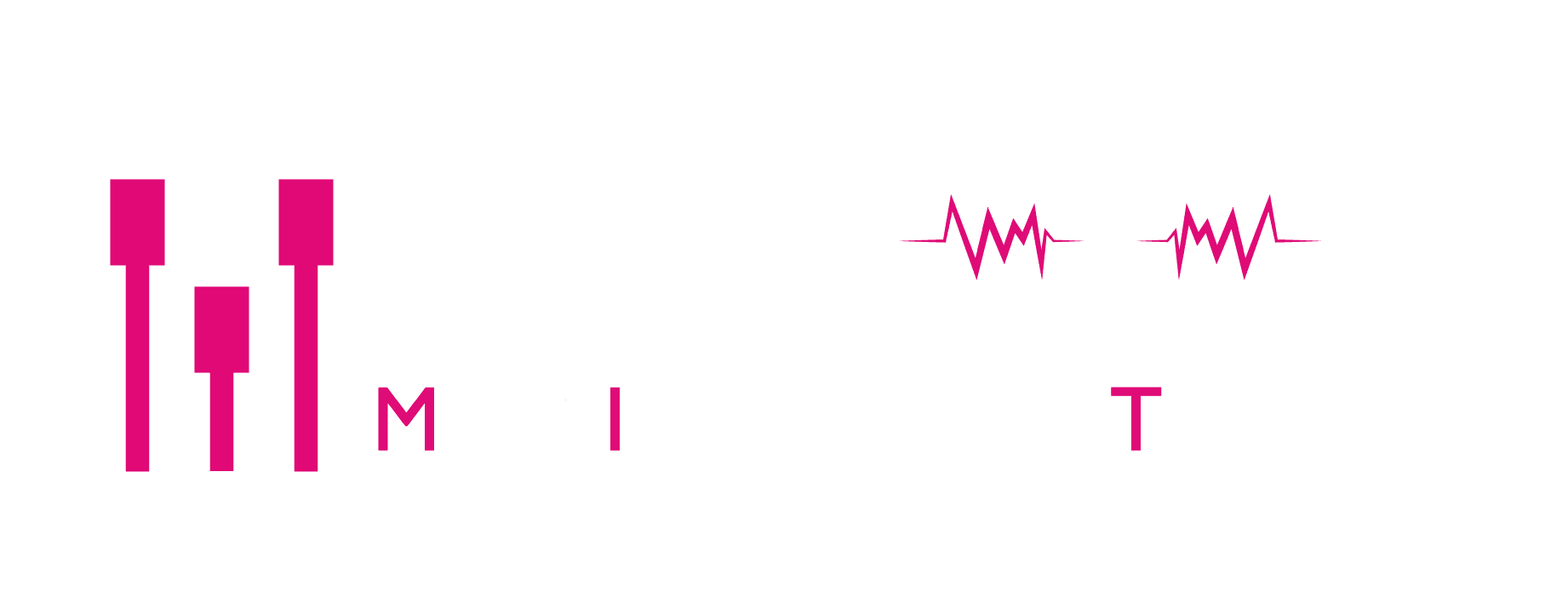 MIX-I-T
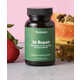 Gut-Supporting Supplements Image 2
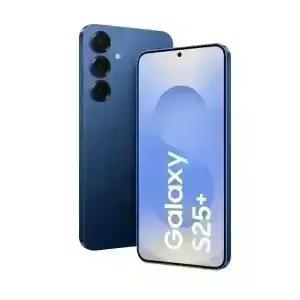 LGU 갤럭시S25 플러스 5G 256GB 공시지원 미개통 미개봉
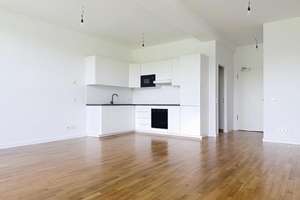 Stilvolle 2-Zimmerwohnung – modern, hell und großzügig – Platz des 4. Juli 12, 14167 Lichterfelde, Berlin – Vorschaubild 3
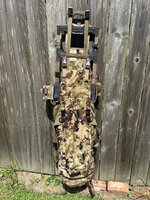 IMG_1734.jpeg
:::::
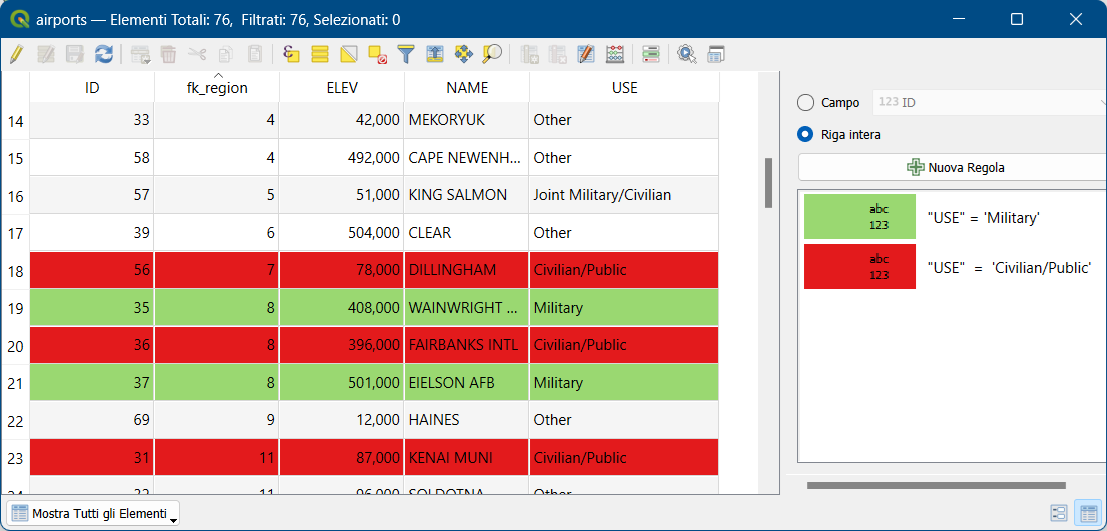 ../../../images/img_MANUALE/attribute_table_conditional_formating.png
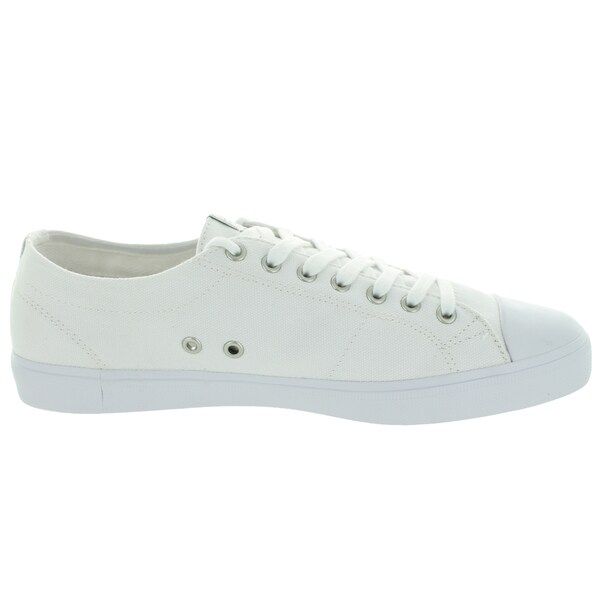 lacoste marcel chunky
:::::
What you are asked to do >> The reply should hold the entries above from the line with "Gut-Supporting Supplements Image 2" to the line with "IMG_1734.jpeg", duplicated exactly, pictures excluded.

Result for this exercise >>
 Gut-Supporting Supplements Image 2
 LGU 갤럭시S25 플러스 5G 256GB 공시지원 미개통 미개봉
 Stilvolle 2-Zimmerwohnung – modern, hell und großzügig – Platz des 4. Juli 12, 14167 Lichterfelde, Berlin – Vorschaubild 3
 IMG_1734.jpeg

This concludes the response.